### Material for the task:
☆ ☆ ☆ ☆

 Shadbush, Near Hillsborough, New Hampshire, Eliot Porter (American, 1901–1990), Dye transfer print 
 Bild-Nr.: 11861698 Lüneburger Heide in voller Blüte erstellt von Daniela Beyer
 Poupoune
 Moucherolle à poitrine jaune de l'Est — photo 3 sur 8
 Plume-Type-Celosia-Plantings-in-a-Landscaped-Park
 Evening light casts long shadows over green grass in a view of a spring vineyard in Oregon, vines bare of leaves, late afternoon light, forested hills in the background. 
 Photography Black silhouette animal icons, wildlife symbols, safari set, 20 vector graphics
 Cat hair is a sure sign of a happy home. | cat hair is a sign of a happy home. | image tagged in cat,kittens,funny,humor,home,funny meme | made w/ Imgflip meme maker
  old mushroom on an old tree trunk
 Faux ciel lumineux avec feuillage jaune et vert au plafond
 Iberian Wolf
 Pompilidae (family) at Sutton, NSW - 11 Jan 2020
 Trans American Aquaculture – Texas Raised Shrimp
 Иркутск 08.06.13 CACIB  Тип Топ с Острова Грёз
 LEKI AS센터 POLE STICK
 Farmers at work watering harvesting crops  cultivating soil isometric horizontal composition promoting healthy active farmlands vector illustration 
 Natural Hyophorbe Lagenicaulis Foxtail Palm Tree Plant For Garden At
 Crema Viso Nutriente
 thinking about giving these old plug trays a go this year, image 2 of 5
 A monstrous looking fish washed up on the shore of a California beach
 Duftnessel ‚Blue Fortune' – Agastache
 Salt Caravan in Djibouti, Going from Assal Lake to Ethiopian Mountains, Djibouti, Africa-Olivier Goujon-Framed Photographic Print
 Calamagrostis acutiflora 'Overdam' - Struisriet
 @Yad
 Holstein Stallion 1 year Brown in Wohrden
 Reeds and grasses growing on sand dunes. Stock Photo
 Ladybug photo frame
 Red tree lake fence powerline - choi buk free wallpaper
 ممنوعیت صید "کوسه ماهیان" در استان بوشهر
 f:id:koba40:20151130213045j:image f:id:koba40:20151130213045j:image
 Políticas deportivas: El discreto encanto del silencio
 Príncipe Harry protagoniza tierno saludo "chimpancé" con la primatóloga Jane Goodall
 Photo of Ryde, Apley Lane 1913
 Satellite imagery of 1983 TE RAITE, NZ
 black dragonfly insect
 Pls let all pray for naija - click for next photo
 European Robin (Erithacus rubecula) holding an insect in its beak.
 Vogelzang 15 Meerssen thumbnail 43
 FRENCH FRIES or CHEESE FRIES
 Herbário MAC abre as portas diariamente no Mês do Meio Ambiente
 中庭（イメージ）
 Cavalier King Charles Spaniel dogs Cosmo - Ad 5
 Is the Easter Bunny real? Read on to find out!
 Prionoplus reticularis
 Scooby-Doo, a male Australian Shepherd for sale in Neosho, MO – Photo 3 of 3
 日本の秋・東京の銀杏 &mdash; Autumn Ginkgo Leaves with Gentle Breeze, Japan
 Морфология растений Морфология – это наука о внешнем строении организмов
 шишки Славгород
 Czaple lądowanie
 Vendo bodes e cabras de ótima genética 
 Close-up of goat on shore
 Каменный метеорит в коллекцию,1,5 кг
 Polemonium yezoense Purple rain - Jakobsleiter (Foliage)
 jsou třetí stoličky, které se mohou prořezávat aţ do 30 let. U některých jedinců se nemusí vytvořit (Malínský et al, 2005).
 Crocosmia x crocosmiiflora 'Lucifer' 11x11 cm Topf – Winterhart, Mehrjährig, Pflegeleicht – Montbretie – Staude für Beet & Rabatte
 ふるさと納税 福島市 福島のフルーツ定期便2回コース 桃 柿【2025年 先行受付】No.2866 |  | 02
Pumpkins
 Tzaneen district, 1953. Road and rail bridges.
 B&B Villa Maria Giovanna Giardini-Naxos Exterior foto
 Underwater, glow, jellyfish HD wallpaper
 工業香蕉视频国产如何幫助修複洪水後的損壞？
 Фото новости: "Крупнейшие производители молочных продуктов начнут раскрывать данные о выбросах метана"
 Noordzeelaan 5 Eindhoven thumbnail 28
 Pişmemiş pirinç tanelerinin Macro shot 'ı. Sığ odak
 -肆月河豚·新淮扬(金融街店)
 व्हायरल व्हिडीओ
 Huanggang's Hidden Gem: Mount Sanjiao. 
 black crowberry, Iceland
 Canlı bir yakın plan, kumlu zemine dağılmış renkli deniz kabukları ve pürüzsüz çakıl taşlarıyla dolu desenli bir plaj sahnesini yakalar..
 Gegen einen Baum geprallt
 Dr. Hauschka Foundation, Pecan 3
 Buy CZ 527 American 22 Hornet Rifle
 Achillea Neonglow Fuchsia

☆ ☆ ☆ ☆

### Task objective:
Copy every single line of the material above that holds "American".

### Expected output:
 Shadbush, Near Hillsborough, New Hampshire, Eliot Porter (American, 1901–1990), Dye transfer print 
 Trans American Aquaculture – Texas Raised Shrimp
 Buy CZ 527 American 22 Hornet Rifle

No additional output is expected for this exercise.